What are the lines from the top of the entries through the one with "Certified 2023 Ford"? Write them out exactly, with no pictures.

[Image-text web data]
BEGIN
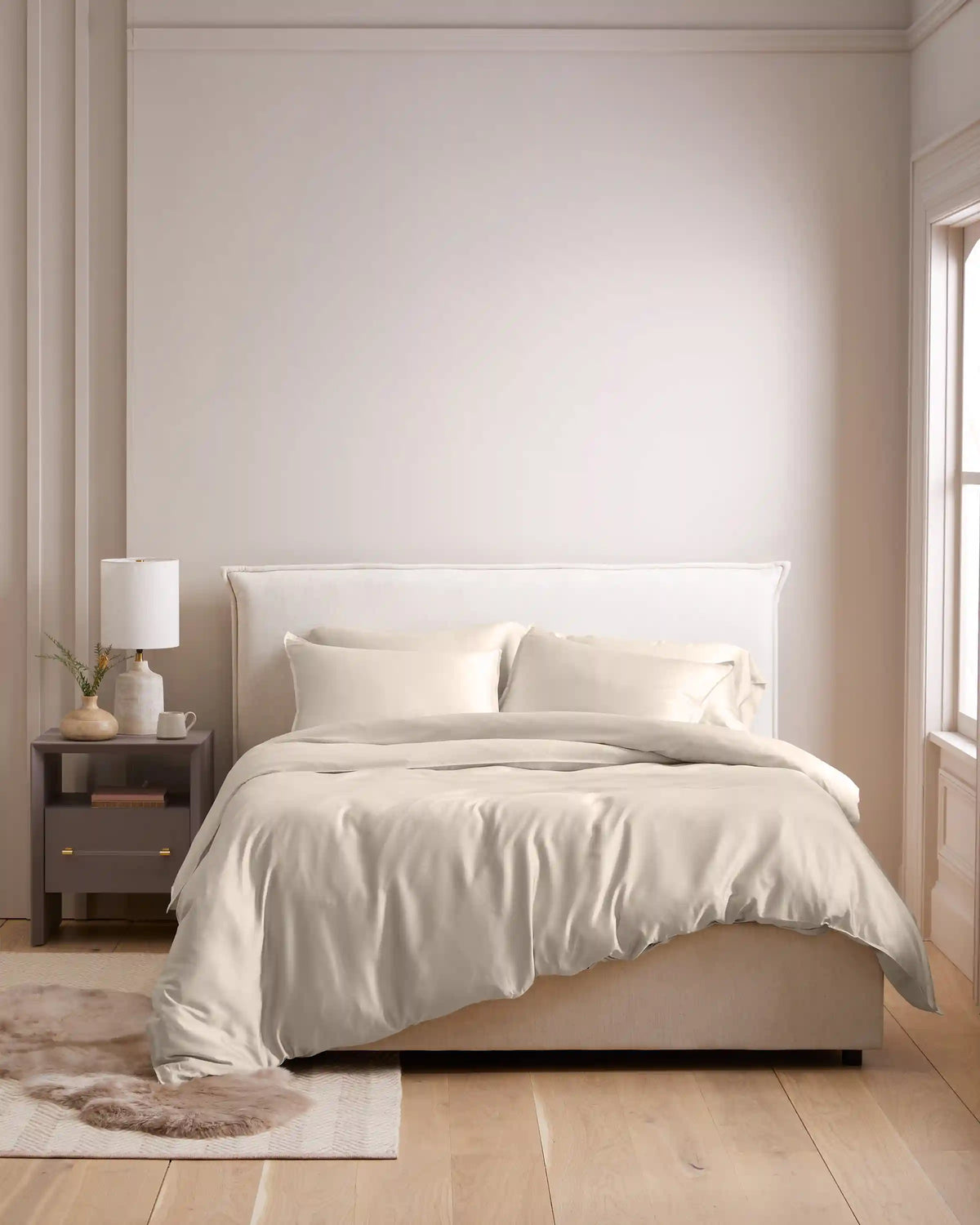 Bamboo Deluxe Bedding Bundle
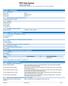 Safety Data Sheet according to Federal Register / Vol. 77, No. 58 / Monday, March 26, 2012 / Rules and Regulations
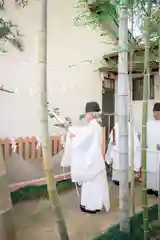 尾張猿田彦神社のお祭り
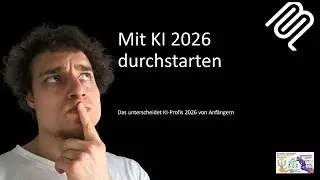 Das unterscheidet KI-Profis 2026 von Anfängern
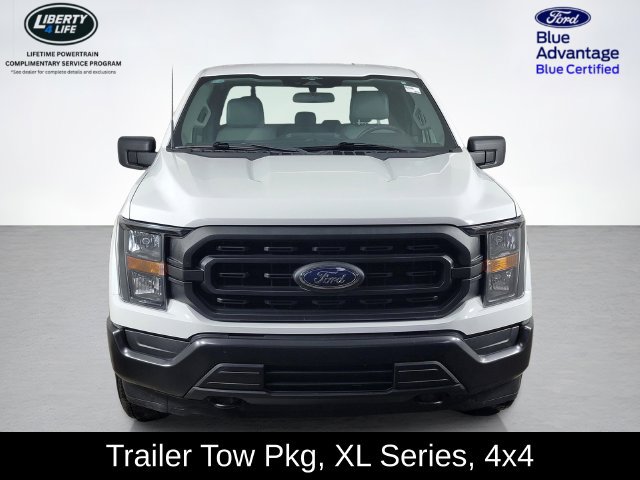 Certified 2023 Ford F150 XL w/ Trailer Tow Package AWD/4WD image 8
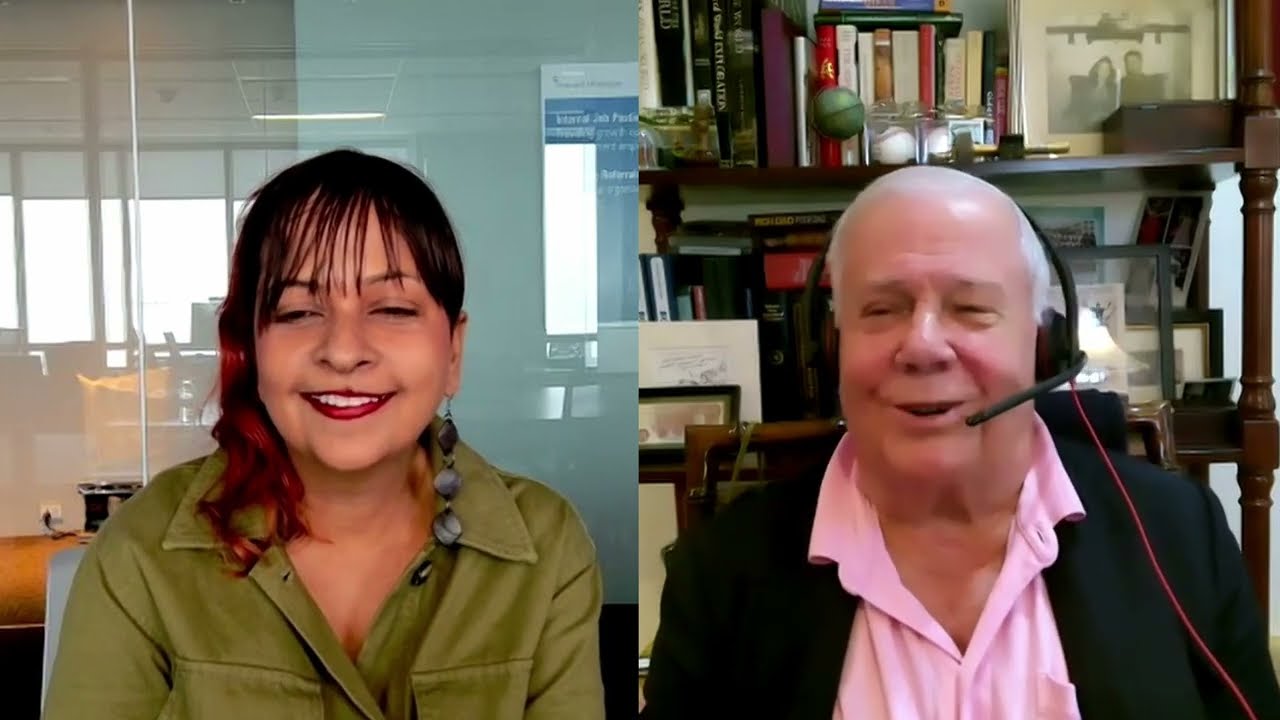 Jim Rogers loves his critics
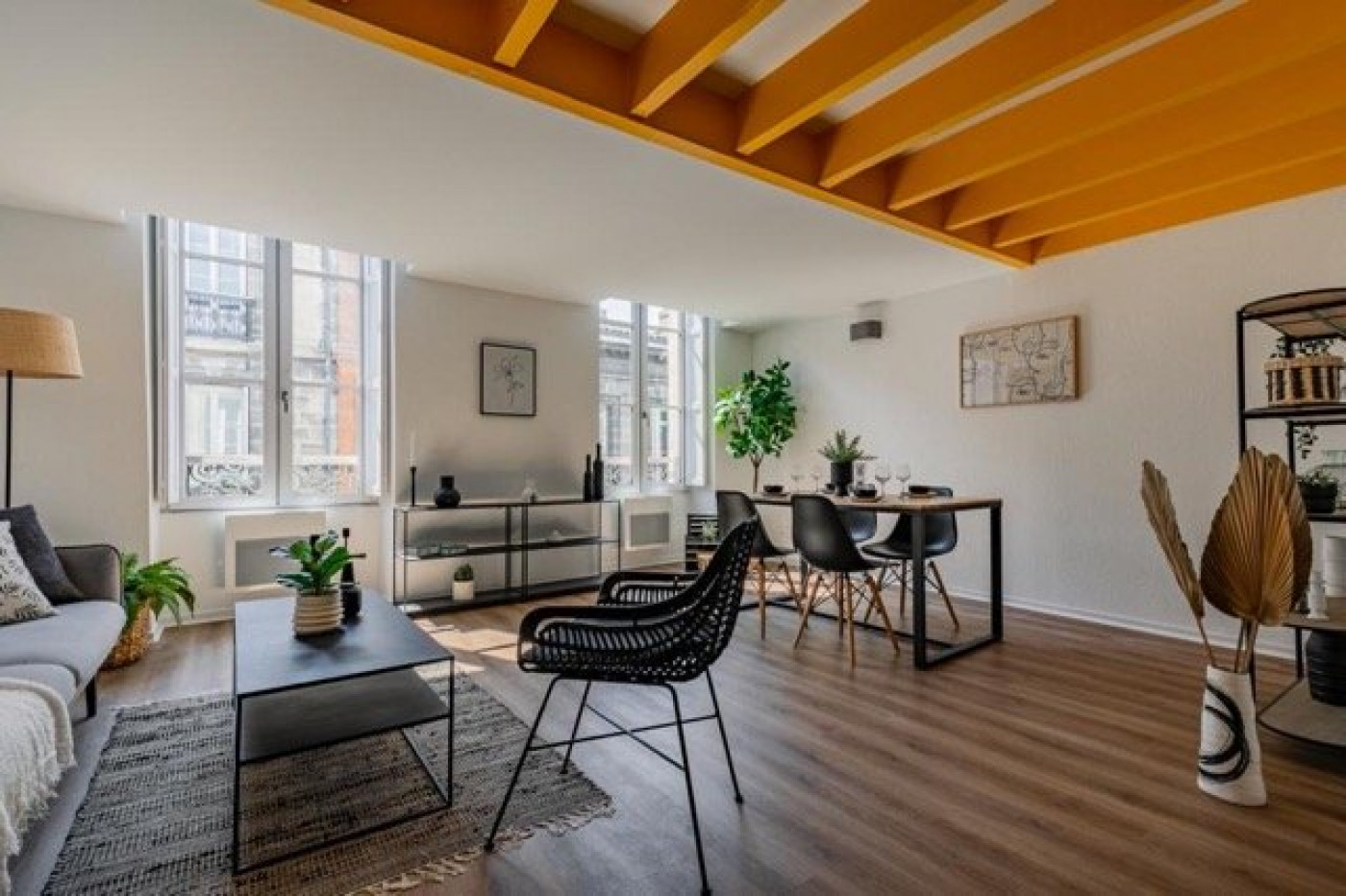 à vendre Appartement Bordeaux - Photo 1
END
- Completed exercise
 Bamboo Deluxe Bedding Bundle
 Safety Data Sheet according to Federal Register / Vol. 77, No. 58 / Monday, March 26, 2012 / Rules and Regulations
 尾張猿田彦神社のお祭り
 Das unterscheidet KI-Profis 2026 von Anfängern
 Certified 2023 Ford F150 XL w/ Trailer Tow Package AWD/4WD image 8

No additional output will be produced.